[Collected data — start]

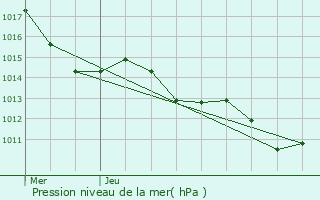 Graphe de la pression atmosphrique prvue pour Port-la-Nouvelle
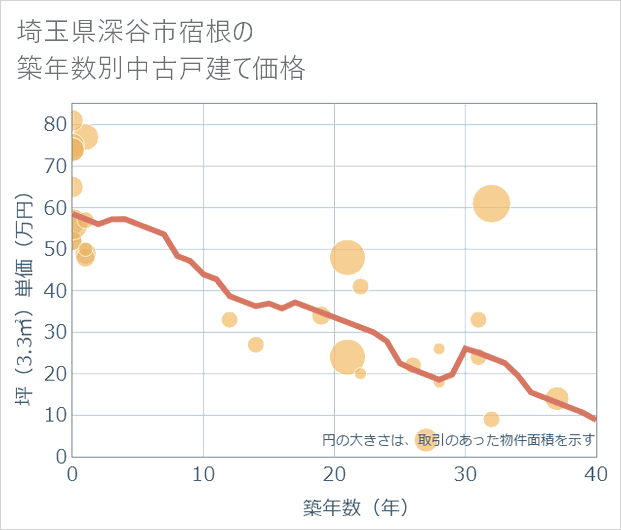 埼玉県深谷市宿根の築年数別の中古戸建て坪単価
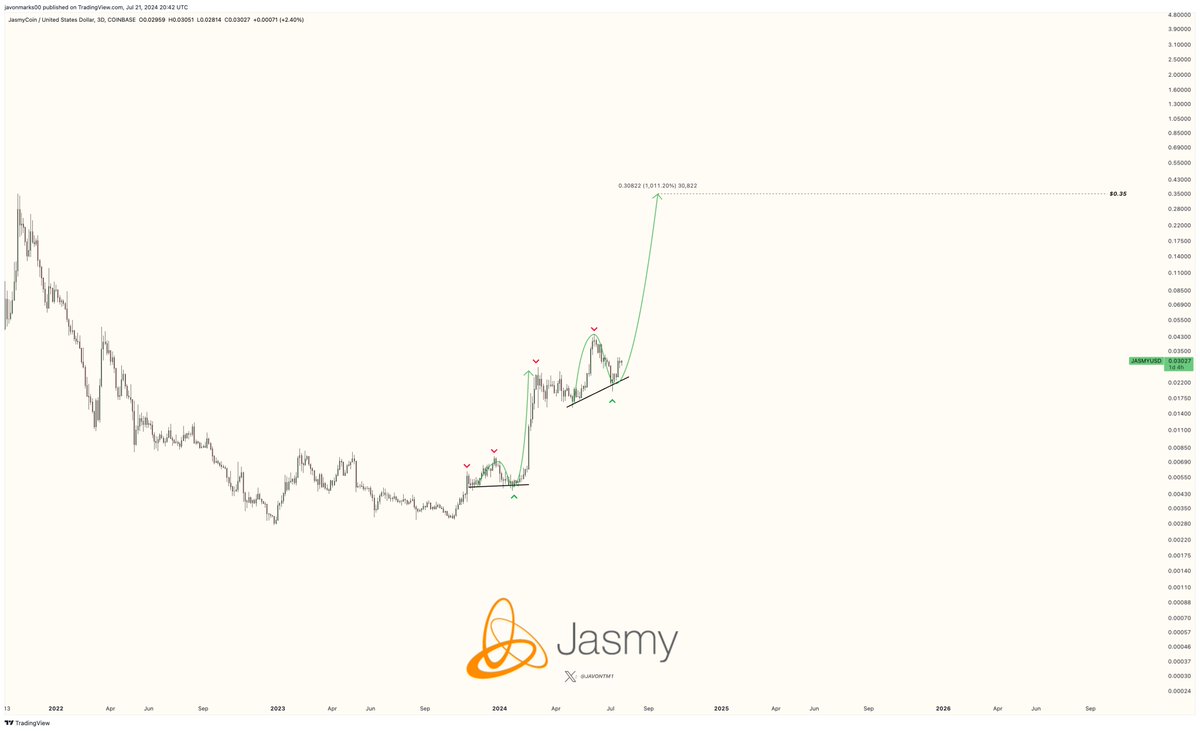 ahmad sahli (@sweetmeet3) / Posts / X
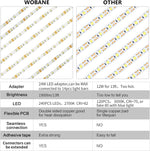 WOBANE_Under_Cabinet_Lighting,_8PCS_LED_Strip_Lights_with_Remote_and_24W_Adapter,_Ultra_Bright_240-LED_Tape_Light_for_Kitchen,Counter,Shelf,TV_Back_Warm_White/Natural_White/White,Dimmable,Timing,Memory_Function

[Collected data — finish]

### Your instructions
The copy should match each line above exactly and contain no images.

### Response
 Graphe de la pression atmosphrique prvue pour Port-la-Nouvelle
 埼玉県深谷市宿根の築年数別の中古戸建て坪単価
 ahmad sahli (@sweetmeet3) / Posts / X
 WOBANE_Under_Cabinet_Lighting,_8PCS_LED_Strip_Lights_with_Remote_and_24W_Adapter,_Ultra_Bright_240-LED_Tape_Light_for_Kitchen,Counter,Shelf,TV_Back_Warm_White/Natural_White/White,Dimmable,Timing,Memory_Function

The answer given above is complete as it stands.